WHAT TO DO :: Extract all lines that hold "black" from the records below.

━━━━

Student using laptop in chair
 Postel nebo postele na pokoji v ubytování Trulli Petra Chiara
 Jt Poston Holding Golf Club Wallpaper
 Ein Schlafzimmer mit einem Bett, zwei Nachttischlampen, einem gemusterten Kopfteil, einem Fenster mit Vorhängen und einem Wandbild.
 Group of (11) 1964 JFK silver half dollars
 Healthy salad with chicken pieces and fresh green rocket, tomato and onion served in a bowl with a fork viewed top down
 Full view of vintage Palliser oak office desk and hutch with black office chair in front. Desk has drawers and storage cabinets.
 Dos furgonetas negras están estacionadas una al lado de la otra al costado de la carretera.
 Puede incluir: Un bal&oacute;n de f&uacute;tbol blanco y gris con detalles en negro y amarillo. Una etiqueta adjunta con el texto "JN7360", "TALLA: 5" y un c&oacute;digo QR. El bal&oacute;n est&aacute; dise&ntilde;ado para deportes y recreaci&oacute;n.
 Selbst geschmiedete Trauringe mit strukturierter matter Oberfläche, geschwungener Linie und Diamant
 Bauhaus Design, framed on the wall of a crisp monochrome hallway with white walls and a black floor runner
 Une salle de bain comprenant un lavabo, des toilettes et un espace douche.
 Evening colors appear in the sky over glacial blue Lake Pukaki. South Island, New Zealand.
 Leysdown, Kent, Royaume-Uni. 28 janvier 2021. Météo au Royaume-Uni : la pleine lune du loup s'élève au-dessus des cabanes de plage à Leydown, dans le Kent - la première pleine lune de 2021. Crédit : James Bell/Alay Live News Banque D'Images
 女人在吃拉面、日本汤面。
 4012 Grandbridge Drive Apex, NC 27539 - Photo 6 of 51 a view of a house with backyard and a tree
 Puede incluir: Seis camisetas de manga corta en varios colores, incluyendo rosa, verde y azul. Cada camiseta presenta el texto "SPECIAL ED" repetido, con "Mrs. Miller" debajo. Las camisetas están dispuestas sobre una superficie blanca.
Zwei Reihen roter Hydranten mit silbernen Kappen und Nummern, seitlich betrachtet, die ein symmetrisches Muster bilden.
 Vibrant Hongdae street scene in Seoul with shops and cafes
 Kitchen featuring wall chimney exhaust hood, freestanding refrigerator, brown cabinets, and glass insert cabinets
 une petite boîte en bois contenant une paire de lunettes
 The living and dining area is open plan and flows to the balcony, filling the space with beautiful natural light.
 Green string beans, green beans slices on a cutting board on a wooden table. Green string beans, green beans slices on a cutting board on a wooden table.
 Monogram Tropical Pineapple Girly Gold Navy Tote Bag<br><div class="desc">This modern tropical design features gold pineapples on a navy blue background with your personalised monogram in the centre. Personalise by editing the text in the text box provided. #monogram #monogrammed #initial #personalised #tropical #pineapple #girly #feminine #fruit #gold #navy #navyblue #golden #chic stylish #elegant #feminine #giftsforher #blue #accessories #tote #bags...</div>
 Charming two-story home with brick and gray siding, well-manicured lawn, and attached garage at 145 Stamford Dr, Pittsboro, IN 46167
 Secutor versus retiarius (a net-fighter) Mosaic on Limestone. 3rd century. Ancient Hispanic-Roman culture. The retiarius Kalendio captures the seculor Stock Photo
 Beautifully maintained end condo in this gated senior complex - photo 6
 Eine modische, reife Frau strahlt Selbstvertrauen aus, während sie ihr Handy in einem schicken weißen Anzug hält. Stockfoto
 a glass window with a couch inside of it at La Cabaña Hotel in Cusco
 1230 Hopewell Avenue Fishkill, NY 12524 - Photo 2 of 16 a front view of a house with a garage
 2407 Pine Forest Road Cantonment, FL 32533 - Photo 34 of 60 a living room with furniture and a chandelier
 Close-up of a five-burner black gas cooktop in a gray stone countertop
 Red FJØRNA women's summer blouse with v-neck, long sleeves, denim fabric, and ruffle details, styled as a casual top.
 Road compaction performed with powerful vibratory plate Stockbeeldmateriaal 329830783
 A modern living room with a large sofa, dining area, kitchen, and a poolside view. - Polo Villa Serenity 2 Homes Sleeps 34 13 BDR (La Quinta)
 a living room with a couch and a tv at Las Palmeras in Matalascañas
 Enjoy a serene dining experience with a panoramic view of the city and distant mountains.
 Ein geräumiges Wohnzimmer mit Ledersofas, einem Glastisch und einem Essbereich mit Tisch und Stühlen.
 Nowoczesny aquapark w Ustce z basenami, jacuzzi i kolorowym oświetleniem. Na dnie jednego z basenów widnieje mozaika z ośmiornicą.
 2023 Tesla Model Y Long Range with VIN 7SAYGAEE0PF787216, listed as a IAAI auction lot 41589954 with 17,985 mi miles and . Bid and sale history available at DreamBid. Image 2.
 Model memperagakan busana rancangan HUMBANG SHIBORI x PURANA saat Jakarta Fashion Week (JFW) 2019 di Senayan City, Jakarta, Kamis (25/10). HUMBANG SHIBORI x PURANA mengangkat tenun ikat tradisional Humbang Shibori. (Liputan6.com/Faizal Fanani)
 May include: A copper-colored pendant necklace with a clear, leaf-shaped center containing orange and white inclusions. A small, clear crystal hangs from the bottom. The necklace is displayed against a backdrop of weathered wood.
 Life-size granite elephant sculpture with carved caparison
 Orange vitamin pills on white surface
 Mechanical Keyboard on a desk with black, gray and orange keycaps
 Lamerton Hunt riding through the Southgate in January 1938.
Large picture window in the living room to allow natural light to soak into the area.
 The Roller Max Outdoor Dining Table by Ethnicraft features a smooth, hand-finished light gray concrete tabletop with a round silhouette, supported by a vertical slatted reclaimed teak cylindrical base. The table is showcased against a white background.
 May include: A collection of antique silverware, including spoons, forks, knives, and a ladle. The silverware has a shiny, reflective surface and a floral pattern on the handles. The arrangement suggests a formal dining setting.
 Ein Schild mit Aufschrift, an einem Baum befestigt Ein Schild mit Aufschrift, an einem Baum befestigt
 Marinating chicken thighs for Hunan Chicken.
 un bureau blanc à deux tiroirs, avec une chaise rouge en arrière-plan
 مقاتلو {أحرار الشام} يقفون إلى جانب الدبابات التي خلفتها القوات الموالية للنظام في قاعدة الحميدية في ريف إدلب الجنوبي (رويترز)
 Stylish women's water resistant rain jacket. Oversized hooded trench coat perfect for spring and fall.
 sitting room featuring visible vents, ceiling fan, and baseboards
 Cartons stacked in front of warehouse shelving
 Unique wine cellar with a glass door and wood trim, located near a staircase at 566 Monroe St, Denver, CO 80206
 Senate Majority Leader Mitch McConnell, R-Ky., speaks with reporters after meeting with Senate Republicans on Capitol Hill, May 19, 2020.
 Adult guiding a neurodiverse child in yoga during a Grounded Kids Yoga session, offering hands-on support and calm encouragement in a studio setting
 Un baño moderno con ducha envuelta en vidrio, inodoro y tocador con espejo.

━━━━

TASK RESULT ::
 Full view of vintage Palliser oak office desk and hutch with black office chair in front. Desk has drawers and storage cabinets.
 Bauhaus Design, framed on the wall of a crisp monochrome hallway with white walls and a black floor runner
 Close-up of a five-burner black gas cooktop in a gray stone countertop
 Mechanical Keyboard on a desk with black, gray and orange keycaps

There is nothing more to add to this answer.